The holidays are over, and the new year has begun, which can be a time of stress for many people. 

Rebecca Rackow, Director of Advocacy, Research, and Public Policy Development with the Saskatchewan Division of the Canadian Mental Health Association (CMHA), says that people may start to worry as the holiday bills from presents and meals start to roll in. “It can be very stressful, wondering ‘oh my goodness, how did I rack that up, and how am I going to pay for it?’” 

She says people should focus on one thing at a time. “Look at it in tiny chunks, and take little pieces off, rather than looking at the whole thing. Sometimes it helps a person not feel quite as down about that.” 
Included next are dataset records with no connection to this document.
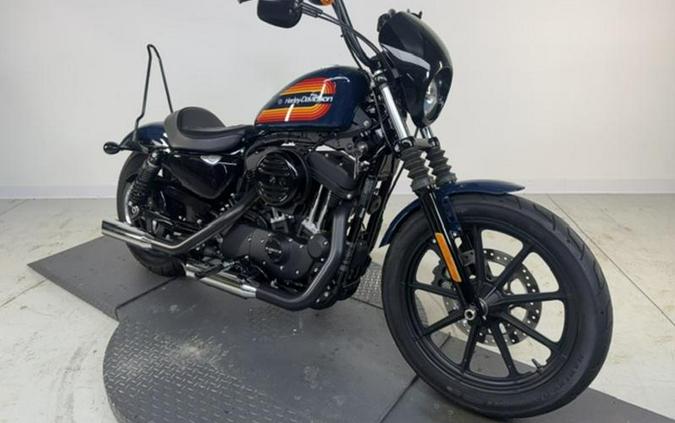 2020 Harley-Davidson® XL1200NS - Sportster® Iron 1200™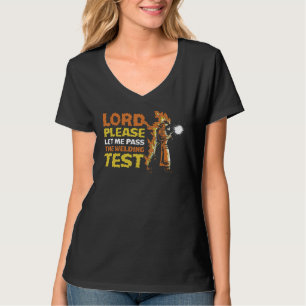 T-shirt Prière des Soudeurs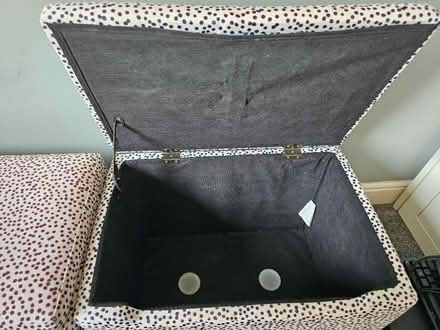 Photo of free 2 x blanket/storage boxes (Loughborough (LE11)) #3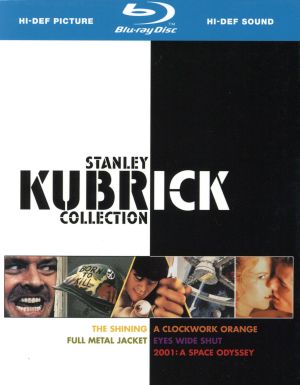 スタンリー・キューブリック コレクション(Blu-ray Disc)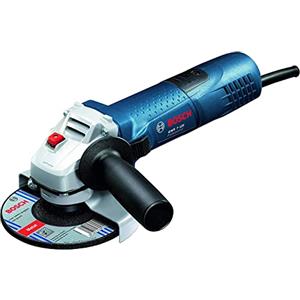 Bosch Professional Professional GWS 7-125 Smerigliatrice Angolare, 720 W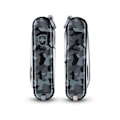 Miniatyrbild 2 av 2: Victorinox klassisk marin kamouflage schweizisk fickkniv 58 mm - 7 funktioner Kamouflage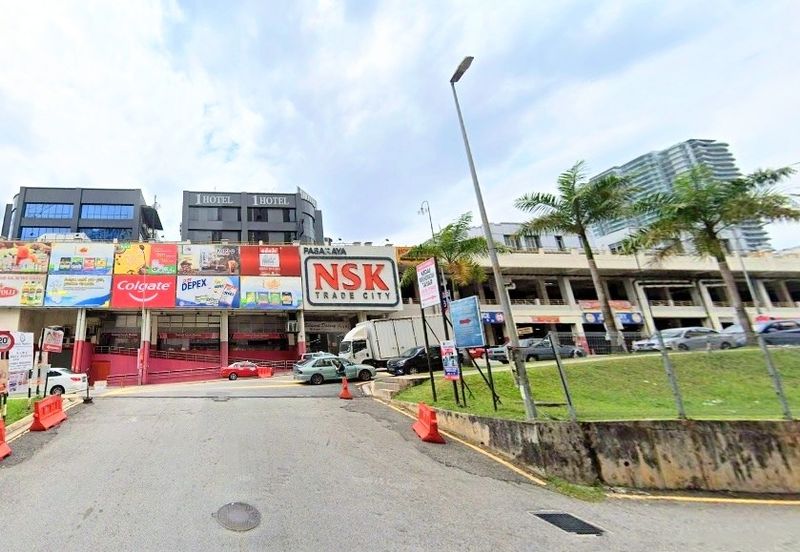 Kuchai Entrepreneurs Park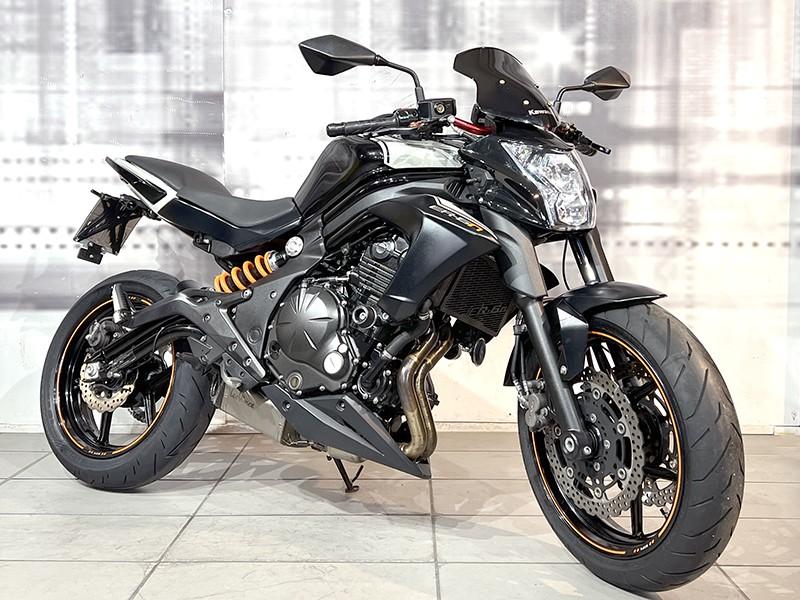Kawasaki ER-6n ABS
Attempting to keep New Years Resolutions like changing diets, exercising, or quitting smoking can also have people experiencing negative feelings. Rackow says that resolutions can be a good idea in giving people goals to work towards, but she urges people to be kind to themselves and set reasonable expectations.  

 

“The problem happens when people stop doing it, or can’t do it for a day, or however long, and feel very badly about themselves.” 

She says to take it day by day when trying to keep resolutions. “It’s okay to mess up and start again when you’re doing something like that. [Maintain] that positive self-talk, saying you did very well up until this point, and you’ll do well again tomorrow.” 

Having a goal of self-care for 2024 is something else that Rackow suggests. “That you’ll do something good or kind for yourself – once a week, or every day – a little thing. Self-care is very important for maintaining mental health.” 

The Hope Learning Centre based in Regina offers free courses that could be helpful, such as Challenging Procrastination, as well as Managing Your Inner Critic. Many have virtual options that take place over Zoom, and you can find their offerings here.  

 

Rackow says not to hesitate to reach for help if you are struggling in the new year. If you or someone you know is having thoughts of suicide, calling or texting the national suicide crisis helpline at 988 is always an option.